INFORMATION-GENERATING

COMPUTERS: SALES/USE TAXES



House Bill 5967 and 5968 as enrolled

Public Acts 490 and 491 of 1998

Second Analysis (1-12-99)


Sponsor: Rep. Kirk A. Profit

House Committee: Tax Policy

Senate Committee: Finance



THE APPARENT PROBLEM:


A representative of UMI, an information aggregator and publisher in Ann Arbor (a company once known as University Microfilms), has testified that the exemption from the sales and use taxes his company enjoyed when they purchased computers used in generating information for customers in the form of CD-ROMs and tapes apparently no longer applies when the information is instead transmitted to customers over the Internet. (The company's customers are said to be mostly nonprofit libraries.) The industrial exemption applied, according to testimony, when the company produced tangible personal property but now that the product is "intangible" and transmitted over the Internet, the same computers producing the same kinds of information are subject to the sales and use taxes. The company has requested that this tax exemption be restored (at least until issues surrounding the taxation of Internet commerce are more settled.)


THE CONTENT OF THE BILLS:


The bills would provide an exemption from the sales tax and from the use tax for computer equipment used in connection with the computer-assisted production, storage, and transmission of data if the equipment would have been exempt had the data transfer been made using tapes, disks, CD-ROMS, or similar media by a company whose business includes publishing doctoral dissertations and information archiving, and that sells the majority of the company's products to nonprofit organizations themselves exempt. (That refers to nonprofits that are health, welfare, educational, cultural arts, charitable, or benevolent organizations with exemption ruling letters from the Department of Treasury and organizations exempt from federal income tax under Section 501(c)(3) or 501(c)(4) of the Internal Revenue Code.) House Bill 5967 would amend the General Sales Tax Act (MCL 205.54a). House Bill 5968 would amend the Use Tax Act (MCL 205.94).

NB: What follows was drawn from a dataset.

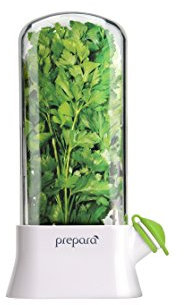 Prepara PP07-HSEWH Herbier Nouveau Modèle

The sections in the acts being amended currently provide an exemption for a computer used in operating industrial processing equipment; equipment used in computer-assisted manufacturing; equipment used in a computer-assisted design or engineering system integral to an industrial process; and a subunit or electronic assembly that is a component in a computer-integrated industrial processing system.


The bills also would revise the provisions regarding how sales and use taxes apply to tangible personal property used to produce certain newspapers, periodicals, and motion picture films. The bills would specify that tangible personal property used or consumed in producing a copyrighted motion picture film, a newspaper published more than 14 times per year, or a periodical published more than 14 times per year, and not becoming a component part of that film, newspaper, or periodical, is subject to the tax.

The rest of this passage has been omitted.